Infectious Mononucleosis

What is Infectious Mononucleosis

Infectious mononucleosis is an infection that is caused by a virus. This illness is often called “mono.” You can get mono from close contact with someone who is infected (it is contagious).

If you have mono, you may feel tired and have a sore throat, a headache, or a fever. Mono is usually not serious, but some people may need to be treated for it in the hospital.

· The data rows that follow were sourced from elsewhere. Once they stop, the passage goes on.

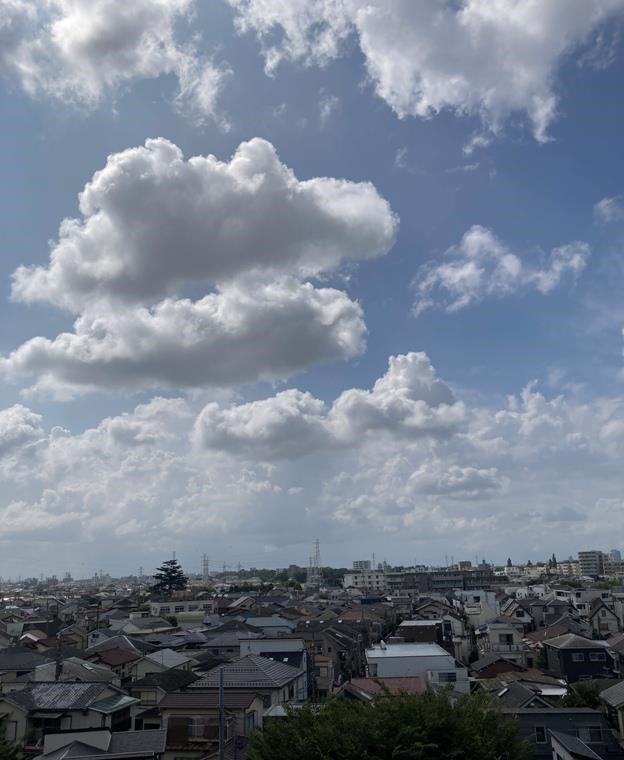 その他14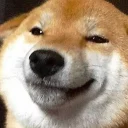 Sticker from Doge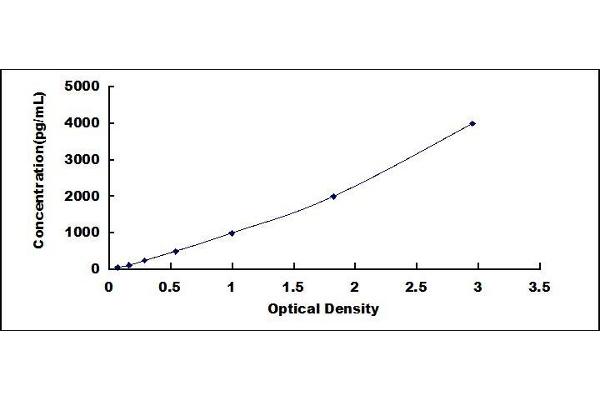 CSTA ELISA Kit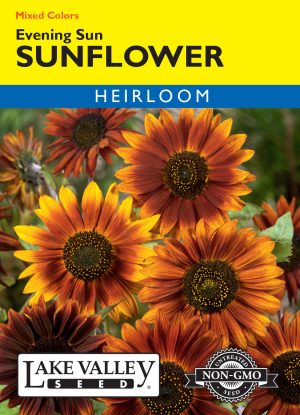 Sunflower Evening Sun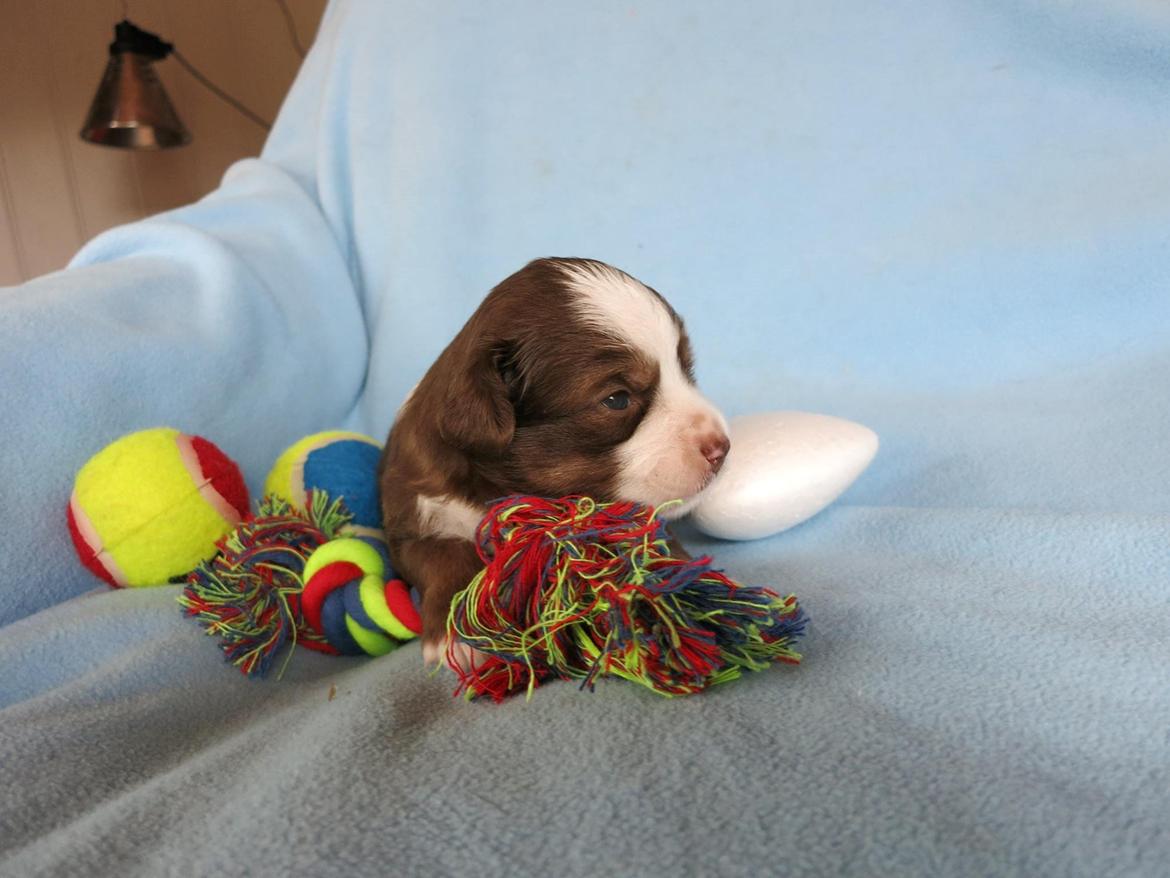 Miniature American Shepherd Little Moon Aussie's CherryMilk (Cif) billede 4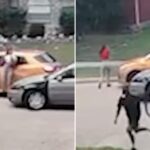 chaotic-moment-texas-doordash-driver-gets-hit-by-suspect-fleeing-from-police-—-and-still-makes-delivery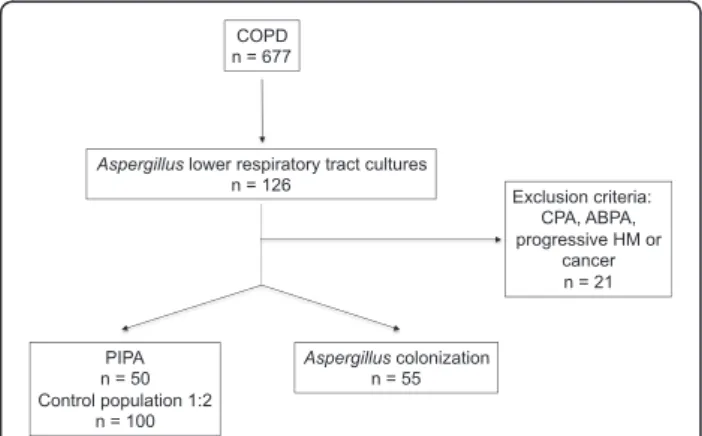 Fig. 1 Flowchart of selected cases. ABPA allergic bronchopulmonary aspergillosis, COPD chronic obstructive pulmonary disease, CPA chronic pulmonary aspergillosis, HM hematological malignancy, PIPA putative invasive pulmonary aspergillosis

Follow these instructions at home:

Medicines

  • Take over-the-counter and prescription medicines only as told by your doctor.
  • Do not take ampicillin or amoxicillin. This may cause a rash.
  • If you are under 18, do not take aspirin.

Activity

  • Rest as needed.
  • Do not do any of the following activities until your doctor says that they are safe for you:
    • Contact sports. You may need to wait a month or longer before you play sports.
    • Exercise that requires a lot of energy.
    • Lifting heavy things.
  • Slowly go back to your normal activities after your fever is gone, or when your doctor says that you can. Be sure to rest when you get tired.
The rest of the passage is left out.